Wright, who coached India successfully for five years earlier in the decade, will also bring uncomplicated thinking on the importance of the players' job. "It's not about me, or whoever. It's about the team.
"When you're picked you are actually representing the 9-year-old in the street who wants to play for New Zealand, and some elderly gentleman listening on the radio.
"I think that's really important. It's a privilege to play for your country even in this day and age when there's lots of other opportunities."
Vaughan was at pains to point out Wright won't walk into the team room with a magic wand this week. "I don't believe it's a panacea," he said.
"Structural and coaching change will not immediately turn this team round. It will take dedication, hard work, persistence and a bit of patience.
"But I believe we're giving the best possible chance of success for the Pakistan tour and the World Cup."
Greatbatch keeps his place on the selection panel, as convenor, with incumbent Glenn Turner and new arrival, the under-19 selector and former test allrounder Lance Cairns.
Captain Dan Vettori is off the panel, but Wright has no doubt about his importance to what lies ahead.
"He's far and away our best cricketer. He leads by example and I hope he wants to keep leading."
One of the elements Wright insisted upon before taking the job was that Vettori was happy for him to step up.

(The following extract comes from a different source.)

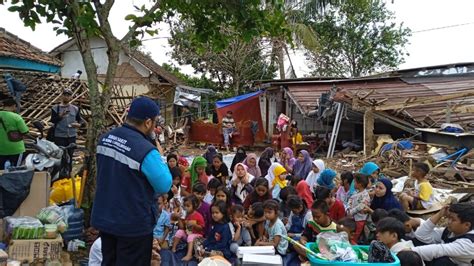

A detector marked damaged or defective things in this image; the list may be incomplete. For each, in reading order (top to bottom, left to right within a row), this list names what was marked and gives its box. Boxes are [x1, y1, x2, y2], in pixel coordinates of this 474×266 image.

broken roof [0, 27, 62, 67]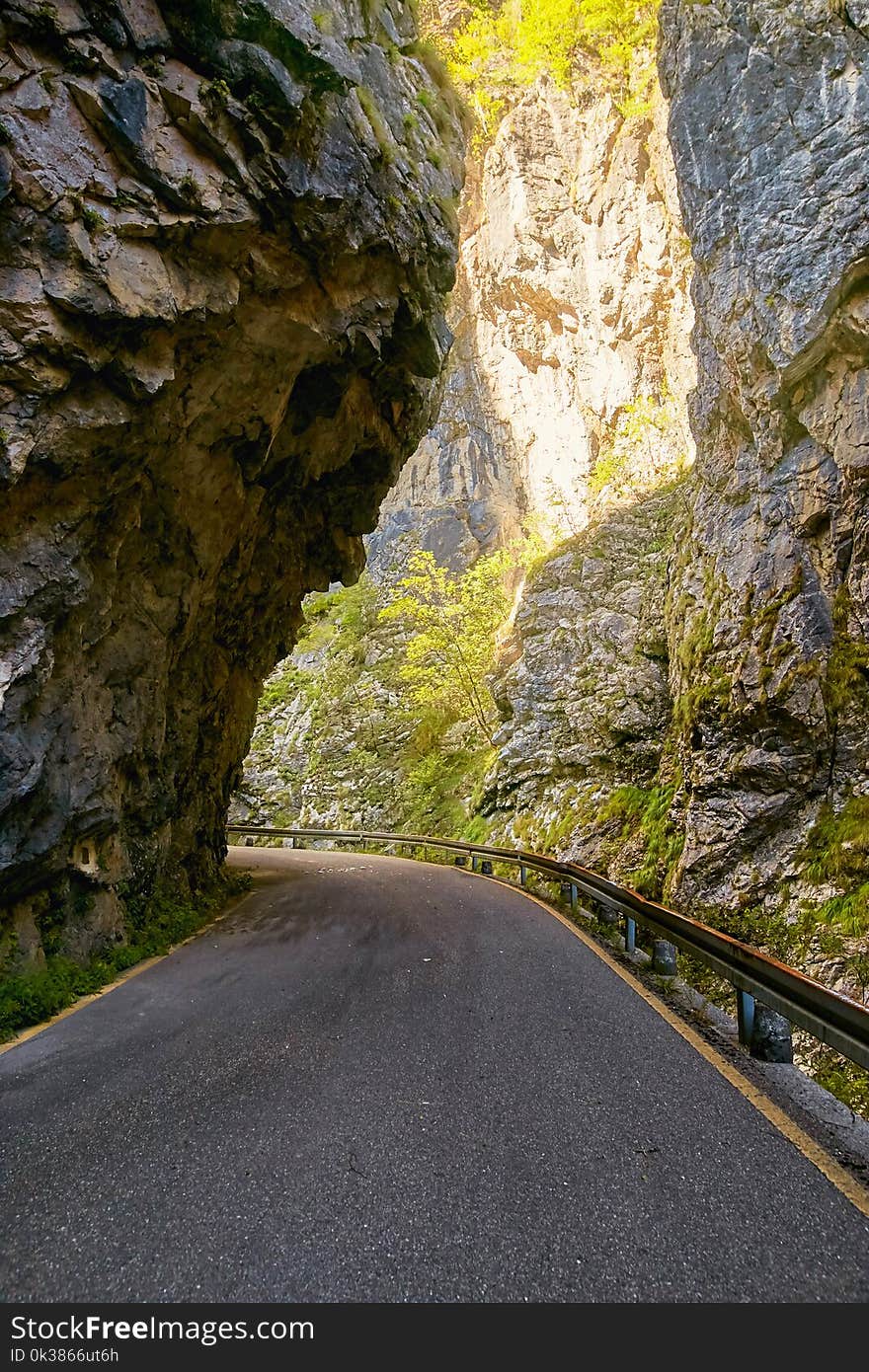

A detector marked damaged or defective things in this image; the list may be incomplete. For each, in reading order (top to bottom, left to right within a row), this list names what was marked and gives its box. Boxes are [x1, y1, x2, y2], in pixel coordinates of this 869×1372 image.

Wright, who remains New Zealand's third highest test runmaker behind only Stephen Fleming and Martin Crowe, took over India in 2000 when they were at a low point.
He had the right touch for a team loaded with superstars - they turned a 0-1 deficit to Australia into a remarkable 2-1 test series win - then steered India to the 2003 World Cup final.
After five years he returned home and has been involved in NZC's high performance operations.
New Zealand will be a markedly different proposition to the Indians of Ganguly, Tendulkar, Dravid, Laxman and Harbhajan Singh.
Drums have been beating steadily louder for Wright to be given his chance as New Zealand have gone through a wretched run, which now stands at 11 successive ODI losses, all on the sub-continent.
Out of 37 international games across the three forms this year, New Zealand have won only 12 - and five of those were at home to Bangladesh at the start of 2010.
Wright made it plain yesterday that "I've had a few faults myself" and pointed out the key is gathering people together who are compatible and use each other's strengths.
He has a few people in mind for roles within the revised setup. Wright made it clear it's likely to be a leaner operation. "I've always favoured less rather than more and I don't expect that to change. Personally I like close, tight teams. Everyone has to be busy."
First job? "Just getting to know the players, getting their confidence and trust."
It promises to be an intriguing next three months.